[Short text fragments from websites]
═══
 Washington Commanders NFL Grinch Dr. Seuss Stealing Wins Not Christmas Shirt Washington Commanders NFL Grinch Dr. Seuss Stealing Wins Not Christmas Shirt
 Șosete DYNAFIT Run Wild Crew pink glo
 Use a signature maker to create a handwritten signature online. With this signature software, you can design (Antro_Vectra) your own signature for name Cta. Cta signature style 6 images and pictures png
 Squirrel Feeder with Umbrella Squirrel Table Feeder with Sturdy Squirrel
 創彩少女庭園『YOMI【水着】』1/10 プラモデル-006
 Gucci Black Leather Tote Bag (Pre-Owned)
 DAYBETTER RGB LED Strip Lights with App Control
═══
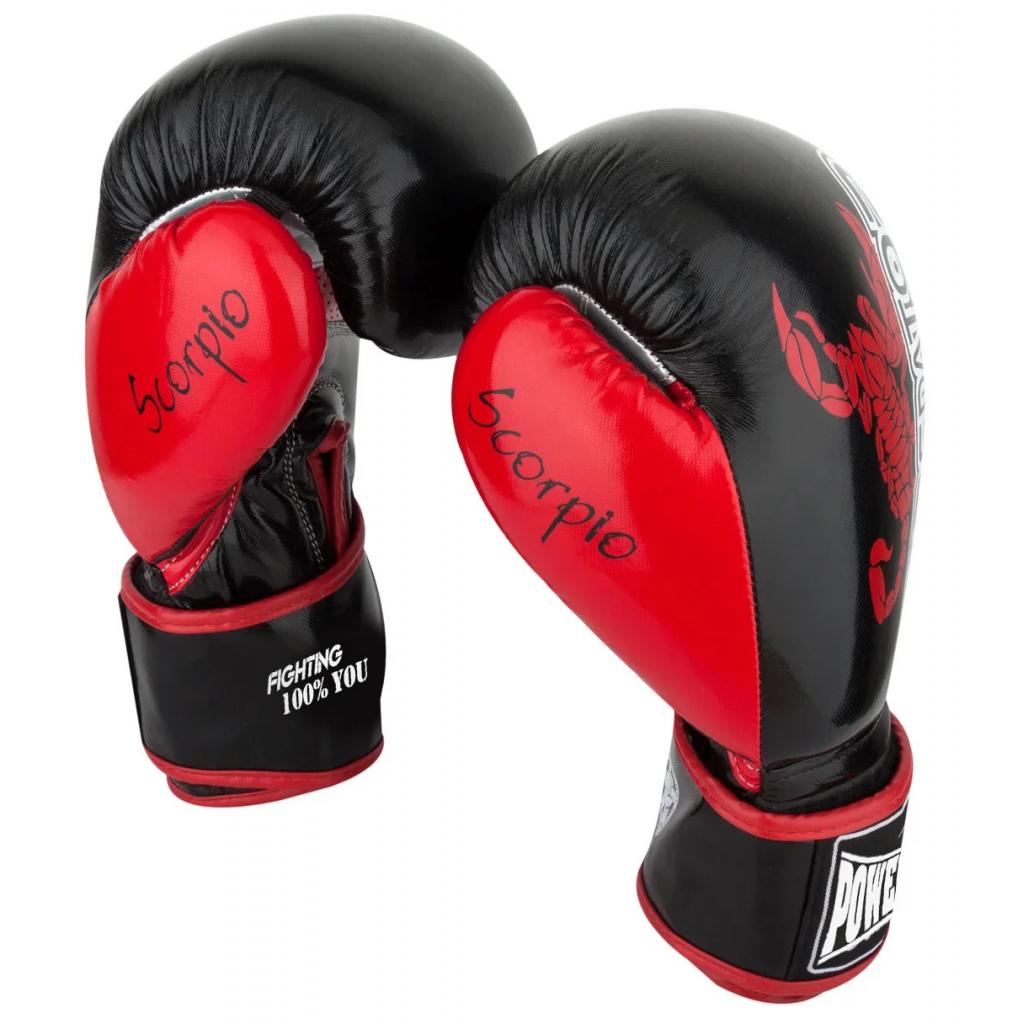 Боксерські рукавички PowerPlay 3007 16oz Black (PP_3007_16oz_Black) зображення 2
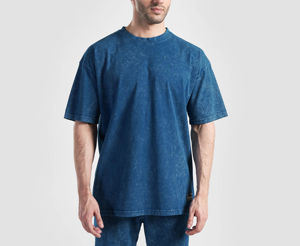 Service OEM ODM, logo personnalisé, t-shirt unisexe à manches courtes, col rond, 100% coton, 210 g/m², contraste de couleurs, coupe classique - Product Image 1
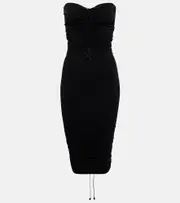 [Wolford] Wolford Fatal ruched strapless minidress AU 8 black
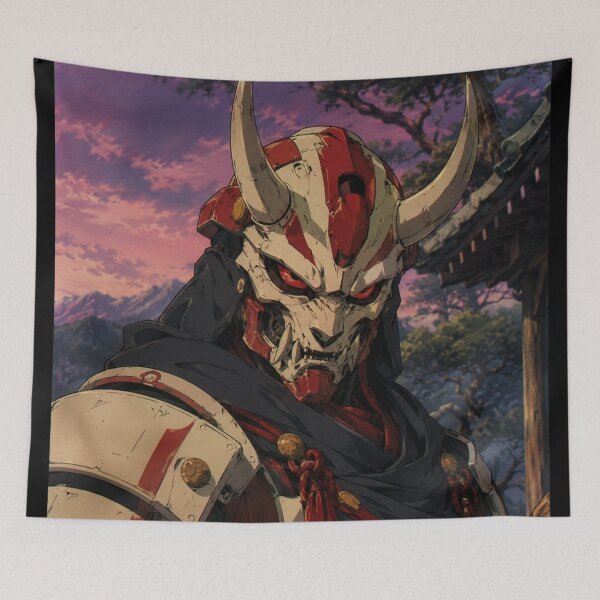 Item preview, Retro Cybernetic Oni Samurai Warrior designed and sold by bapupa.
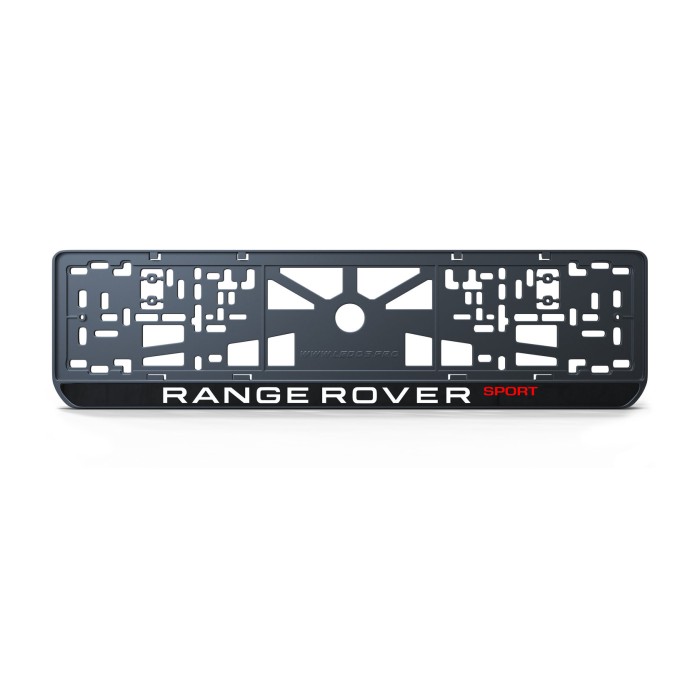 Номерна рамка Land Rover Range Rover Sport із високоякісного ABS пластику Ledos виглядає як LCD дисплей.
═══
Could you transcribe exactly the entries above, but only the lines from the one with "Service OEM ODM, logo" through the one with "Номерна рамка Land", and without pictures?

 Service OEM ODM, logo personnalisé, t-shirt unisexe à manches courtes, col rond, 100% coton, 210 g/m², contraste de couleurs, coupe classique - Product Image 1
 [Wolford] Wolford Fatal ruched strapless minidress AU 8 black
 Item preview, Retro Cybernetic Oni Samurai Warrior designed and sold by bapupa.
 Номерна рамка Land Rover Range Rover Sport із високоякісного ABS пластику Ledos виглядає як LCD дисплей.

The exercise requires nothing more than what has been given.